In 969 the Fatimids, adherents of a Shiʿi sect (see Ismāʿīliyyah) and opponents of Sunni Abbasid rule, invaded Egypt. The conquering general, Jawhar, established a new, rectangular, walled city to the northeast of the existing settlements. Initially named Al-Manṣūriyyah, the city was given its present name, Al-Qāhirah (“The Victorious”), in 973/974 in celebration of the arrival of the Fatimid caliph al-Muʿizz, who made the city the capital centre of a dynasty that lasted for two centuries. Al-Qāhirah and Al-Fusṭāṭ coexisted until 1168, when the unfortified city of Al-Fusṭāṭ was set on fire to protect Cairo from the Crusaders. The Crusaders were driven off by a Sunni army from Syria, after which the victorious commander, Saladin, founded the Ayyubid dynasty, subsequently controlling a vast empire from Cairo.

Although Al-Fusṭāṭ was partially rebuilt, it was Cairo that was transformed from a royal enclave into an imperial metropolis. Saladin further extended the city’s 11th-century walls, of which the northern and southern walls and three main gates—Bāb al-Futūḥ, Bāb al-Naṣr, and Bāb Zuwaylah—are still extant; he also constructed a citadel on the Muqaṭṭam spur (now dominated by the Muḥammad ʿAlī Mosque). After Baybars I became the first Mamluk sultan of undisputed legitimacy in 1260, Cairo served as the capital of the Mamluk empire, which governed Egypt, much of the Levant, and parts of the Fertile Crescent until 1517.

Medieval Cairo reached its apogee during the Mamluk era. By about 1340 Cairo had become the largest city in Africa, Europe, and Asia Minor, with almost half a million people living in an area five times greater than the original Fatimid walled city. As a key link in the profitable east-west spice trade and the recipient of tribute from a wealthy empire, the city thrived both intellectually and culturally: the venerable al-Azhar University—a principal seat of Islamic learning—as well as most of the city’s greatest architectural masterpieces were built during this period.

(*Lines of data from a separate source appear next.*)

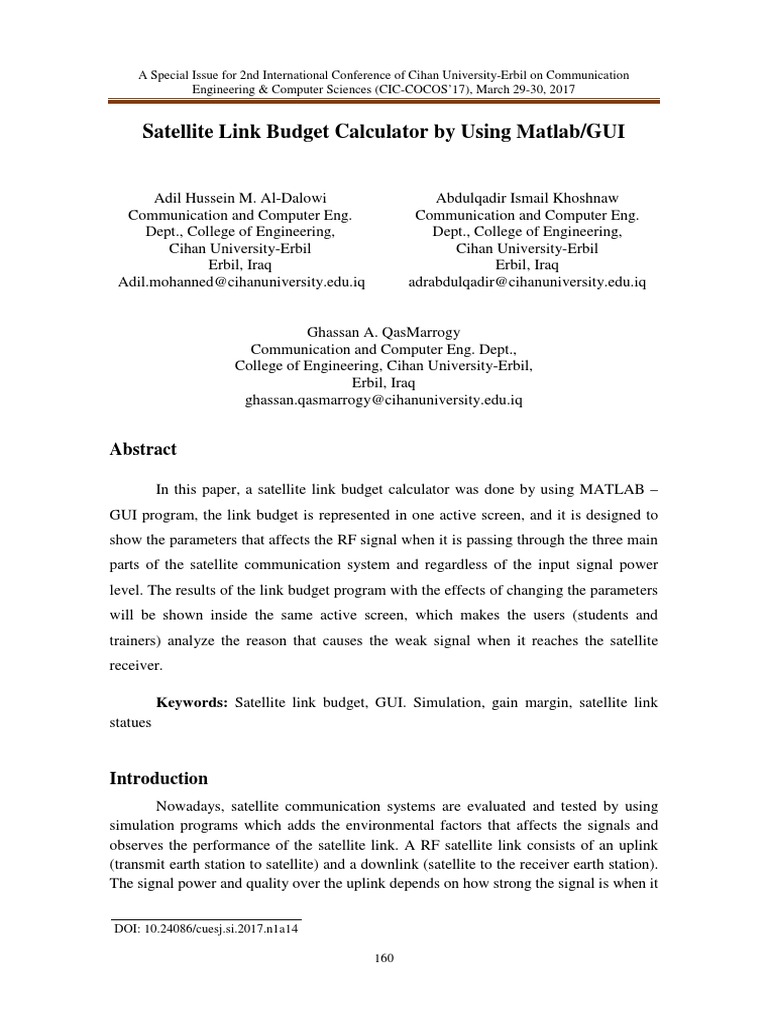 Satellite Link Budget Calculator in MATLAB | PDF | Signal To Noise ...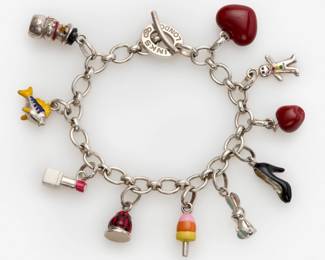 132. Links Of London Sterling Charm Bracelet: Lipstick, High heel, Snowman, Apple etc.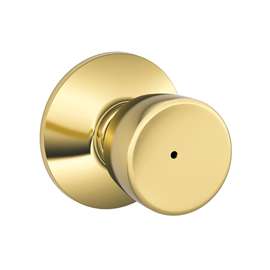 Schlage F40VBEL605 Privacy Door Knob, 1-3/8 to 1-3/4 in Thick Door, Metal, Brass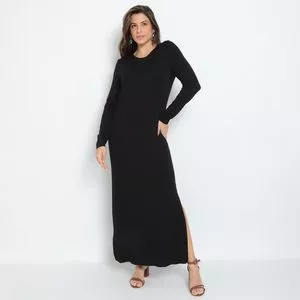 Vestido Longo Com Fenda<BR>- Preto<BR>- Stella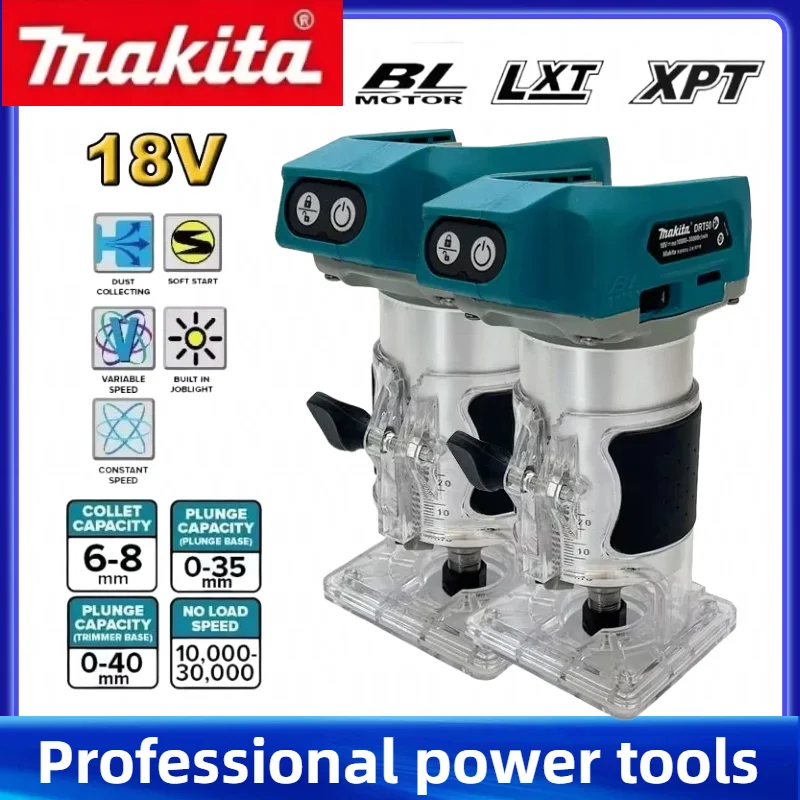 Makita DRT50 Brushless Cordless Trimmer 18V LXT Rechargeable Power Tool for Milling Slotting and Edge Trimming Process
Makita DRT50 Brushless Cordless Trimmer 18V LXT Rechargeable Power Tool for Milling Slotting and Edge Trimming Process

In the mid-14th century, decline set in—sporadically at first and then more precipitously. The city’s population was decimated by plagues, including the outbreak of the Black Death in 1348. In addition, the spice trade monopoly was broken following Vasco da Gama’s voyage from Portugal to India (1497–99), undermining Cairo’s economic preeminence. Finally, political autonomy was lost to the Turks, who after 1517 reduced Cairo to a provincial capital in the Ottoman Empire. In 1798, when Napoleon and his troops arrived in Cairo, fewer than 300,000 people were living in the city and its two port suburbs, Miṣr al-Qadīmah and Būlāq.